The main goal of using WebRTC in Streaming is the optimally low latency. In millicast recent post about simulcast, we explained how the latency was mainly related to chunk size, why WebRTC was optimal in that regard and would have the lowest possible latency of all the UDP-based media transports. That’s for the packetization and the transport, but encoding is also adding to the overall latency.

While WebRTC End-to-End provide optimally low latency, if you add extra encoding, transcoding, even only transmuxing or any other media operation on the path, you degrade that latency. Most of the latency, and CPU footprint comes from the encoder/decoder part, as illustrated by this paper by INTEL. Let’s count the number of Encoding / Decoding pairs happening on the media path when using WebRTC end-to-end on one hand and when using server-side ABR on the other hand.

In simulcast or ABR, one encode the same media source with different spatial resolutions. In simulcast, the multiple encoding is done client-side, in ABR, it is done server-side.

Multiple encoding in parallel do not increase the latency, but increase the CPU footprint by 25% for a single additional stream, an a theoretical 33% for an infinite number of additional streams, and the bandwidth usage. In simulcast both those overhead are shouldered by the sender, in Server-side ABR by the server.

It’s all about compromise. ABR could be, and certainly is, sold as a way to reduce the cpu footprint and the bandwidth usage sender side, which is does, at the cost of almost doubling the latency and preventing the use of end-to-end encryption.

Moreover with nowadays desktop computer, the additional CPU footprint is negligible. Everyday, gamers are playing games and streaming in real-time using software like OBS-Studio, without the streaming part noticeably impacting the performance of the game.

By counting the minimum amount of blue box on a given (horizontal) media path, one can see that that the server-side ABR is including twice the amount of media processing the WebRTC End-To-End does.
The numbers in the blue boxes represent the CPU load relative to the load of the high resolution stream. Assuming each resolution is the quarter of the precedent, and assuming an encoder whose complexity is linear with respect tho the input size in pixels.

In Server-side ABR, one need to encode the stream once (high resolution), to send it to the server, where it needs to be decoded before it can be re-encoded again with different resolution. With WebRTC End-to-End, from glass to glass you ever only encode and decode once. With server-side ABR, you do that twice. However good your server-side ABR implementation is, you can never be as fast as WebRTC End-to-End with simulcast.

CoSMo and Millicast, as experts and visionaries in the corresponding technologies, working with and for most of the browser vendors and major actors, we have been aware of those limitations for several years.
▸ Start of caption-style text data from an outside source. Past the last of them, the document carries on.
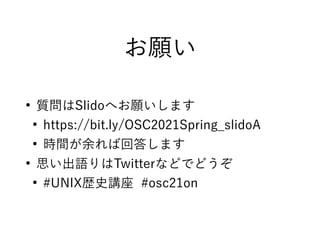 お願い
●
質問はSlidoへお願いします
●
https://bit.ly/OSC2021Spring_slidoA
●
時間が余れば回答します
●
思い出語りはTwitterなどでどうぞ
●
#UNIX歴史講座 #osc21on
 
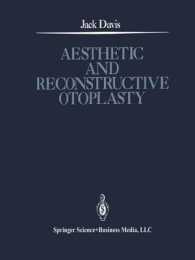 Aesthetic and Reconstructive Otoplasty : Under the Auspices of the Alfredo and Amalia Lacroze de Fortabat Foundation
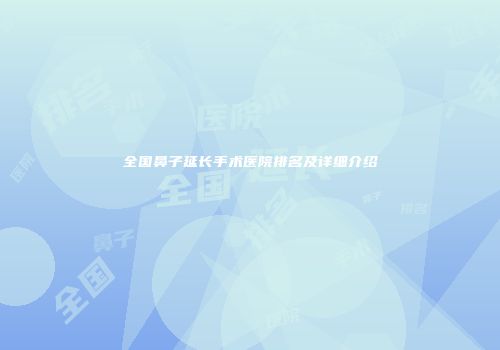 全国鼻子延长手术医院排名及详细介绍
We were part of the decision to include Simulcast in webrtc 1.0 and not to wait was taken at the technical plenary meeting of W3C in Sapporo in 2015!

Instead of trying to have an early implementations that would necessitate a lot of workaround, and would need to be rewritten once the browser vendors once mature, we decided to invest in helping the browsers get there faster. There is no surprise that Apple mentioned us, and only us, in their most reentSafari WebRTC blog post, or that our KITE technology is used to test the webrtc implementation of all browsers, on a daily basis and reported to the official webrtc website.

Security and Privacy

Another reason, beyond uncompromising latency, NOT to allow re-encoding, is security. Since the Snowden revelations, the world knows about all kind of national agencies spying on everything that goes on transit on the wire, and the Internet Engineering Task Force has taken a very strong stance on security. If everything can be captured once it goes out of my computer, if my Internet Service provider, or my CDN, can be forced to provide access to my data without my consent and without informing me, the only way to protect myself is to encrypt everything that goes on-the-wire. Welcome Telegram, Whatsapp, Signal, and all kind of new generation of communication tools which implement end-to-end-encryption with a two keys system where the service provider only ever has one key and cannot provide access to unencrypted content even if being legally asked to. They protect their customer privacy.

That implies a new trust model in which no server or connection is trusted, and should have access to the raw frames. You cannot do transcoding in the cloud, since the cloud shouldn’t have access to your raw content in the first place.

DRM, and corresponding W3C Encrypted Media Encryption is different in nature. With End-To-End encryption, the end-user or its organization has control of the encryption with their personal keys. With DRM/EME the keys are provided by the media distribution service. For free content or ad-based monetisation, one might not care, but for paid or sensitive/regulated content, the consequences of leaving access to your raw content to external third parties can be dire.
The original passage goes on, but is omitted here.